I recently wrote about a problem I had as a result of imagining that Ansible runs were re-entrant. (Spoiler: they are generally not.) After kicking this around a little I realized that you should not care whether Ansible runs are re-entrant. I like cherry pie so I will explain myself with a pie analogy.
If you are baking a pie for dinner tonight and something goes wrong, you would probably try to salvage it. If you realize you forgot an essential ingredient you might try to pull the top crust and add it in. If you screwed up the oven temp, you can adjust the baking time, temp or both.
But if you screw up while baking pies for the County Fair, it’s very different. You’re going for the blue ribbon, so no compromises.
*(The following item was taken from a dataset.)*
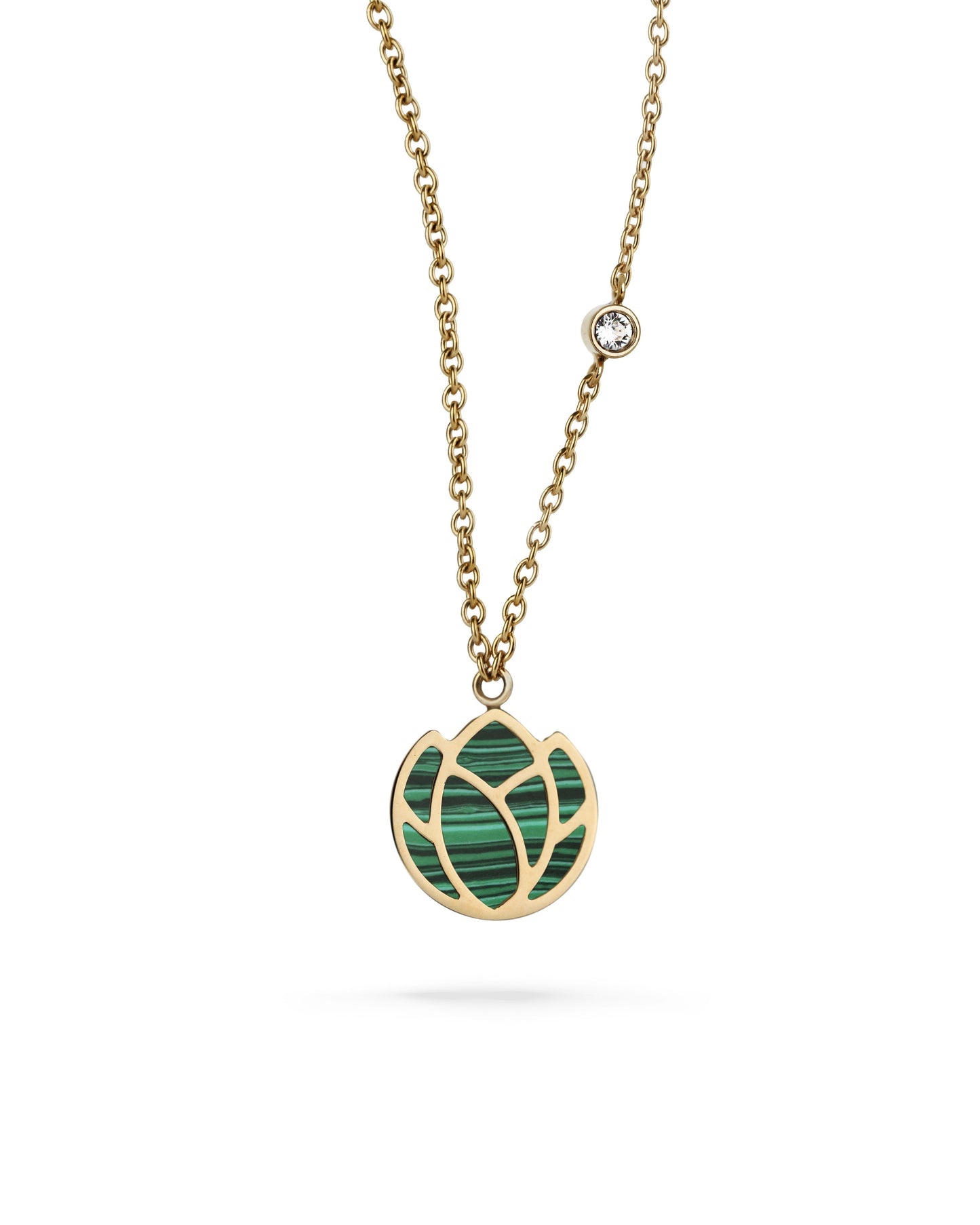 Lotus Pendant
To bake the best pie you can, you would Just Start Over (and keep doing so until you Do Not Screw Up.)
If you’re bothering to automate server setup to begin with, you have already done all the work to make the best pie server you can, so there’s no reason to settle for anything less. When anything at all goes wrong during a build, why not just start over and get a clean build? It seems so obvious now.
A note about Chef:
Chef’s a different animal. The m.o. for a full-on Chef implementation is to continuously run the recipes against your machines from a Chef server, as much as for configuration/re-configuration as for initial deployment. We haven’t used Chef for a couple years, but I recall it seemed more tolerant to interrupted runs. Still, you can’t do better than a clean run, especially on an initial build.